Short text fragments from websites
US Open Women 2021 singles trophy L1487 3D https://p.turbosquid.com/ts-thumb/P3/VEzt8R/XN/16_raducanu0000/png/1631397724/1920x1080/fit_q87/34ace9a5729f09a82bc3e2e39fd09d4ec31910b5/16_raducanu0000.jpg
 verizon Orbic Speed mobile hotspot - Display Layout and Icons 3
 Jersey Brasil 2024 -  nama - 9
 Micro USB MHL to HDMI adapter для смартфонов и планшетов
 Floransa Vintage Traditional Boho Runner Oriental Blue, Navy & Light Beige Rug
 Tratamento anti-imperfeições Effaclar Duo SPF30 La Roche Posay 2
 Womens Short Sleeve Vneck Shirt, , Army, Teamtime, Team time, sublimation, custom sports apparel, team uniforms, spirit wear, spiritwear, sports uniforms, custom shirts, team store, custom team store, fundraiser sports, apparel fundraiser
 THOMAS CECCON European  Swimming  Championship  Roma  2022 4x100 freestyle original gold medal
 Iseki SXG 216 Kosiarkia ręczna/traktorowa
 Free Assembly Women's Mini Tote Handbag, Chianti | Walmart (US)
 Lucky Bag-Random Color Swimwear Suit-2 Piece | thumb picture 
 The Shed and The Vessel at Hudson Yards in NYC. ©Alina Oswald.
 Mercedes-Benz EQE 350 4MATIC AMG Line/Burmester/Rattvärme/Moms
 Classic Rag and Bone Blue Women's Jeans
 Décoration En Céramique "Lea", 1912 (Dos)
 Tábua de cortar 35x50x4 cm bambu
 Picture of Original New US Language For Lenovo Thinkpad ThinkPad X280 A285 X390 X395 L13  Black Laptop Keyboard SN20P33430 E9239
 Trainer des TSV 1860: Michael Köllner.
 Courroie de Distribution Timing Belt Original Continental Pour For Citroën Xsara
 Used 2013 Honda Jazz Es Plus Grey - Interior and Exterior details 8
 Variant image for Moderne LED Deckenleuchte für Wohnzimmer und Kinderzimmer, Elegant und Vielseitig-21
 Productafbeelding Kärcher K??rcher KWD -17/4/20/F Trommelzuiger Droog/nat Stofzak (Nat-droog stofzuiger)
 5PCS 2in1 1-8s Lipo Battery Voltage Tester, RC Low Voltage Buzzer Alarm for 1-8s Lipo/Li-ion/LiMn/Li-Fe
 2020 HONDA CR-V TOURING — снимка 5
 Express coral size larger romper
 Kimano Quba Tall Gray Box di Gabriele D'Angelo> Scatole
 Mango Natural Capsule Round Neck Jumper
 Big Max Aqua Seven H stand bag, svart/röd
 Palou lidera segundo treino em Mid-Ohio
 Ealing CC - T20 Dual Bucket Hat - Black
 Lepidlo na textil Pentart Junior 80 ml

__Work to be completed__: Copy out the records in full, matching every line character for character.

__Answer section__:
US Open Women 2021 singles trophy L1487 3D https://p.turbosquid.com/ts-thumb/P3/VEzt8R/XN/16_raducanu0000/png/1631397724/1920x1080/fit_q87/34ace9a5729f09a82bc3e2e39fd09d4ec31910b5/16_raducanu0000.jpg
 verizon Orbic Speed mobile hotspot - Display Layout and Icons 3
 Jersey Brasil 2024 -  nama - 9
 Micro USB MHL to HDMI adapter для смартфонов и планшетов
 Floransa Vintage Traditional Boho Runner Oriental Blue, Navy & Light Beige Rug
 Tratamento anti-imperfeições Effaclar Duo SPF30 La Roche Posay 2
 Womens Short Sleeve Vneck Shirt, , Army, Teamtime, Team time, sublimation, custom sports apparel, team uniforms, spirit wear, spiritwear, sports uniforms, custom shirts, team store, custom team store, fundraiser sports, apparel fundraiser
 THOMAS CECCON European  Swimming  Championship  Roma  2022 4x100 freestyle original gold medal
 Iseki SXG 216 Kosiarkia ręczna/traktorowa
 Free Assembly Women's Mini Tote Handbag, Chianti | Walmart (US)
 Lucky Bag-Random Color Swimwear Suit-2 Piece | thumb picture 
 The Shed and The Vessel at Hudson Yards in NYC. ©Alina Oswald.
 Mercedes-Benz EQE 350 4MATIC AMG Line/Burmester/Rattvärme/Moms
 Classic Rag and Bone Blue Women's Jeans
 Décoration En Céramique "Lea", 1912 (Dos)
 Tábua de cortar 35x50x4 cm bambu
 Picture of Original New US Language For Lenovo Thinkpad ThinkPad X280 A285 X390 X395 L13  Black Laptop Keyboard SN20P33430 E9239
 Trainer des TSV 1860: Michael Köllner.
 Courroie de Distribution Timing Belt Original Continental Pour For Citroën Xsara
 Used 2013 Honda Jazz Es Plus Grey - Interior and Exterior details 8
 Variant image for Moderne LED Deckenleuchte für Wohnzimmer und Kinderzimmer, Elegant und Vielseitig-21
 Productafbeelding Kärcher K??rcher KWD -17/4/20/F Trommelzuiger Droog/nat Stofzak (Nat-droog stofzuiger)
 5PCS 2in1 1-8s Lipo Battery Voltage Tester, RC Low Voltage Buzzer Alarm for 1-8s Lipo/Li-ion/LiMn/Li-Fe
 2020 HONDA CR-V TOURING — снимка 5
 Express coral size larger romper
 Kimano Quba Tall Gray Box di Gabriele D'Angelo> Scatole
 Mango Natural Capsule Round Neck Jumper
 Big Max Aqua Seven H stand bag, svart/röd
 Palou lidera segundo treino em Mid-Ohio
 Ealing CC - T20 Dual Bucket Hat - Black
 Lepidlo na textil Pentart Junior 80 ml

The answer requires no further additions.